The cast is impeccable. John Williams had previously worked with Hitchcock, most recently in Dial M For Murder. His character is a reluctant source of help for Robie- as an insurance agent, he’s naturally suspicious of the notorious thief at first, and wary of the offer being made. There’s a mannerly keep-calm-and-carry-on sort of manner to the character, which Williams plays to, and as the film goes along Hughson proves to be an indispensible ally to Robie. I like the dry sense of humour for the character- his reaction to Robie’s revelation about his housekeeper’s wartime exploits is wonderfully rendered by Williams.
Jessie Royce Landis would work with Grant again some years later, playing his eye rolling mother in North By Northwest. Here she’s a different kind of mother, playing the role to Grace Kelly’s Frances. Her take on Jessie Stevens is both down to earth and with a good sense of humour. The character is one who came into money as opposed to inherited it, so she doesn’t have the polish that years of finishing school have given her daughter, but she’s likable, wise in her own way and likely to wisecrack.
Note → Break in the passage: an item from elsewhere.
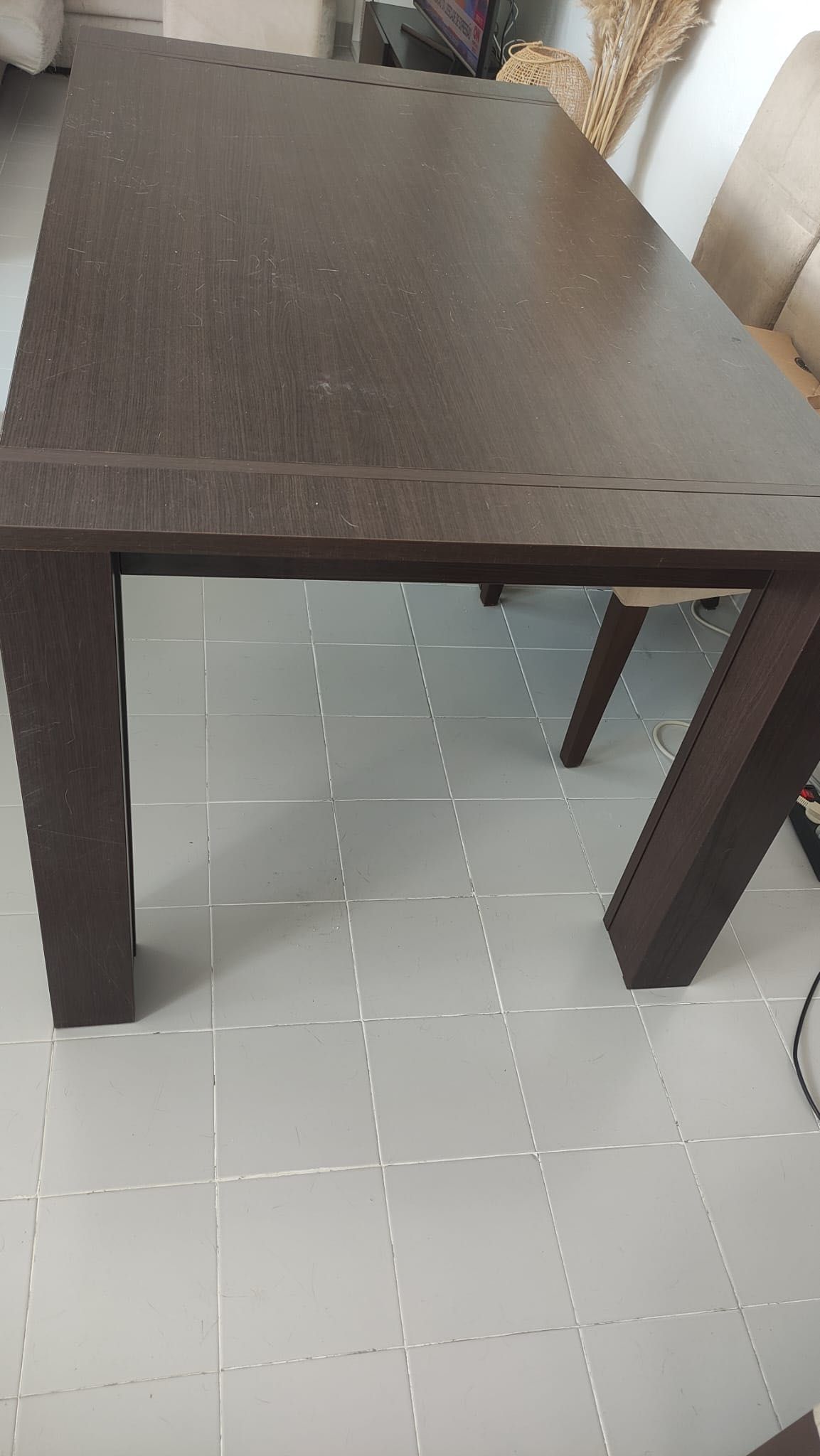 Mesa de Sala em Madeira Maciça – Em Bom Estado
Her daughter, on the other hand, is more given to roll her eyes in exasperation at Jessie’s remarks.
Brigitte Auber’s Danielle is remarked upon by Frances as a child during the film- ironic, as the actress was in fact over a year older than Grace Kelly. Her character has the look of a teen, though, and particularly the attitude- impetuous, sarcastic, and flirtatious. There’s more to her, and the actress has to keep things close to the vest as the movie goes along. One must wonder on the odd occasion why Robie doesn’t take her up on the whole going to South America thing.
Grace Kelly had worked with Hitchcock previously on Rear Window and Dial M For Murder. This was one of her final films- within a couple of years she married Prince Rainier of Monaco. Her character Frances is more mature than her mother, with the sophistication that comes from finishing school. She’s wary of the attention of men- are they after her or after her money? There’s a dash of mischief and spirit in the character early on, in how she banters and flirts with Robie, or spars with Danielle. She sees right through Robie’s cover story, teases him with an unusual offer, and yet turns on him when events take another turn. And yet she’s not so proud that she can’t admit to a mistake. Kelly brings great warmth into the character as time goes on, and she’s got great chemistry with Grant.
Cary Grant’s take as Robie is one of his best roles, with the actor as suave, charming, and debonair as you expect. He’s rather graceful and calm under pressure, more self assured than the character he would later play in North By Northwest, where he comes into his own gradually as events become chaotic around him. Robie is a resourceful man, quick thinking and able to improvise, and Grant gives him a nicely dry sense of humour- perhaps best summed up in one facial expression before the screen fades to black. I like the nuance he gives to the character- that even though he’s been pardoned for his crimes in the past, he lives out his life always under suspicion when a crime spree happens, and it’s a status that bothers him- he has to prove every day of his life that he doesn’t belong in jail. I like the way he relates to Frances- playful and flirting, trying to resist temptation on one occasion, and able to forgive at another crucial point.
This is one of my favourite films from the master of suspense. Hitchcock gives us a film with a delightful touch, a brisk pace, and wonderful leading actors. The film is more romantic thriller than psychological melodrama as some of Hitchcock’s other works, but it does have the tell tales of his style, and it’s a treat to watch the story unfold. There are many reasons this film’s a classic, and all of them work so incredibly well.